Final Project Resources

Below are some resources on places to find public data that may be useful for your projects. This list is NOT exhaustive, but is rather meant to help generate ideas and help give you a sense of what exists, but if you find that you are interested in a question that would require data that isn’t on this list, ask me and I may be able to help find it!

Data That ISN’T Allowed

One note up front: data from Kaggle or other competition sites is not allowed. Part of the goal of this class is to give you experience working with messy real world data, picking your own questions and then sorting through all the data to find variables you need. Kaggle data and the like are pre-cleaned, and come with JUST the variables needed to answer a specific pre-determined questions. So absolutely no pre-curated data from competitions.

Good Starting Points

  • IPUMS: Just look at that list of data sources! IPUMS is amazing, and includes (just to list a few):

    • US American Community Survey: the US runs regular surveys (called the American Community Surveys). Results of these are available for many years for small geographic units over a few decades. They include things like income, race and ethnicity, and both geographic identifiers (in tabular formats), and also GIS shapefiles (for GIS manipulations). Can be very useful for things like estimating consumer demographics in different areas.

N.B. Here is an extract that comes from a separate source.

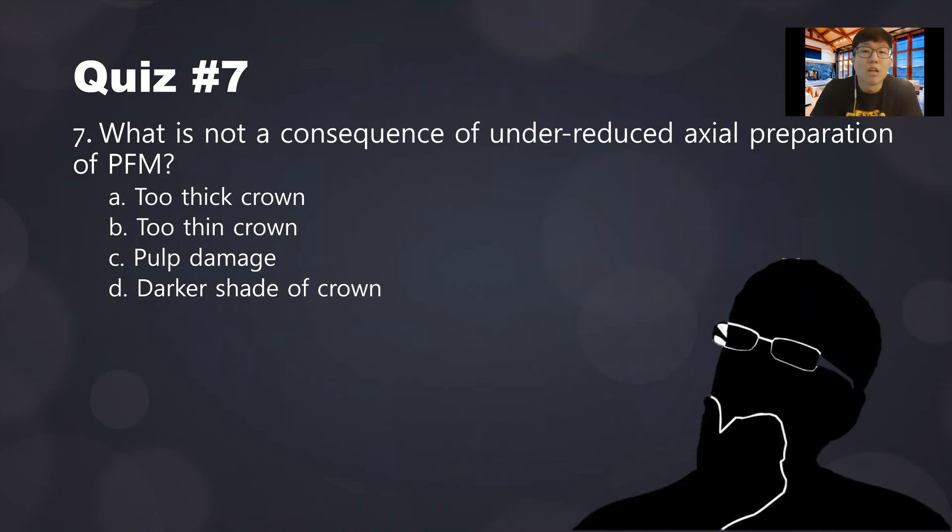Quiz seven: what is NOT a consequence of under-reduced axial preparation? Too thick a crown — possible, since the lab tech may compensate. A darker shade of crown — possible, because thin porcelain allows metal darkness to show through. Pulp damage — this will NEVER happen with under-reduction; pulp damage only happens with over-reduction, when you reduce tooth structure too much and get too close to the pulp.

    • International Census Data: Similarly, census data from over 102 countries is also easily accessible. This data often isn’t quite as rich as the US ACS data (censuses have to be shorter than surveys), but still often has questions on health, income, race and ethnicity, etc. Also includes a lot of GIS data.

    • Health Surveys

    • NHGIS: Probably the MOST useful resources for US census and demographic data that comes with GIS information.

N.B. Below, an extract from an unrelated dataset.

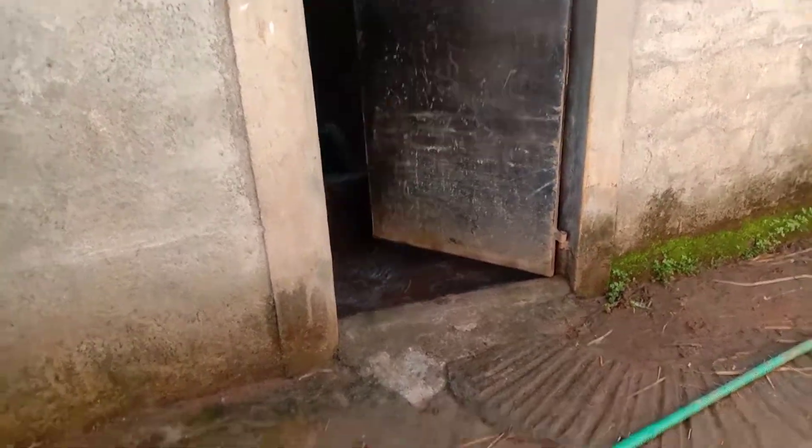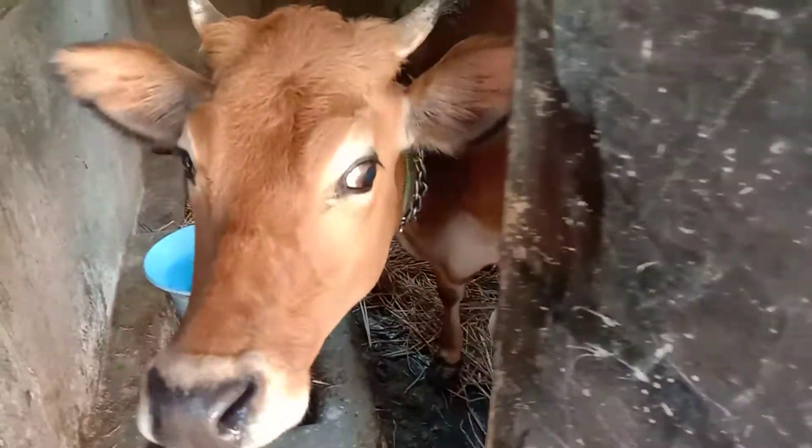Hey guys, welcome to my channel Angry Beast. I hope you're all doing fine. Let me introduce you to the cow and the pigs and piglets which I was speaking about the other day. Now let me get inside my cow shed and pig shed. Hi Punya, good morning! She is getting ready and she is in a hurry.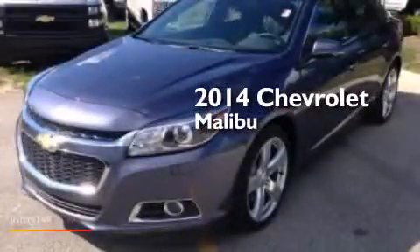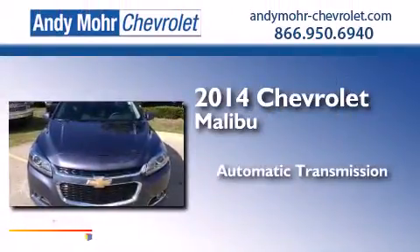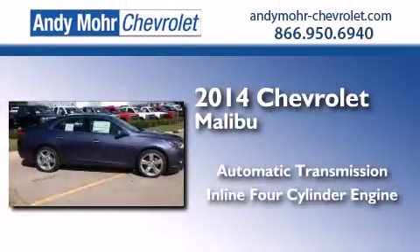This is a brand new 2014 Chevrolet Malibu. This car has an automatic transmission and an inline four-cylinder engine.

  • Wharton Research Data Services: A huge database of business data. This data is NOT public (and is very expensive), but is accessible to Duke students through a Duke subscription. Note that if you use this data, you’ll be able to share code and reports, but not your full project publicly, since the data can’t be public. The data, as far as I can tell, is primarily a compilation of public company financial data (board memberships, M&As, company financials, etc.). Much of what it has to offer is á la carte, and Duke only has some subscriptions, so if you need something you’ll have to explore to see if it’s covered.

  • The Microsoft Planetary Computer has some great resources for environmental questions, like this database of labelled images of wildlife!

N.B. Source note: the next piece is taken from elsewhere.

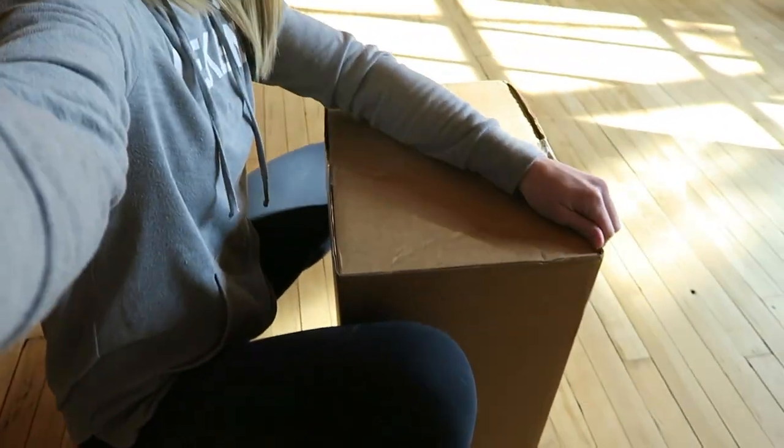Welcome to the video! I'm so excited to share what I got from Lulu's. They reached out and wanted to send me some goodies, so I got to pick some favorites from the website. This box is massive, so I'm about to open it up and tell you my thoughts on everything. I'll try everything on and let you know the sizes, what's from Lulu's, and all that good stuff — so let's jump right into it.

  • The AWS Open Data Registry, while poorly organized, has great data on genomics and health data from the NIH, all the environmental data noted above, space telescope data, and more!

  • AirBnB Listings

Data with a Spatial / GIS Component

Government census data is often the underpinning of spatial analyses, because it’s available almost everywhere, is free, and has tons of information about… well, everyone!

The best resource for spatial census data is NHGIS (for US data) and IHGIS (for international data). These projects are run by the same folks – IPUMS who we’ve gone to in the past for individual level census data in the US or internationally. They’re amazing. You go to their site, tell them the geographic level at which you want data, and they will provide you will a list of available data. A few notes about using these services:

  • The larger the geographic area of aggregation, the more data they will be able to provide – privacy concerns mean that when geographic areas get really small, some data may be withheld to protect respondents.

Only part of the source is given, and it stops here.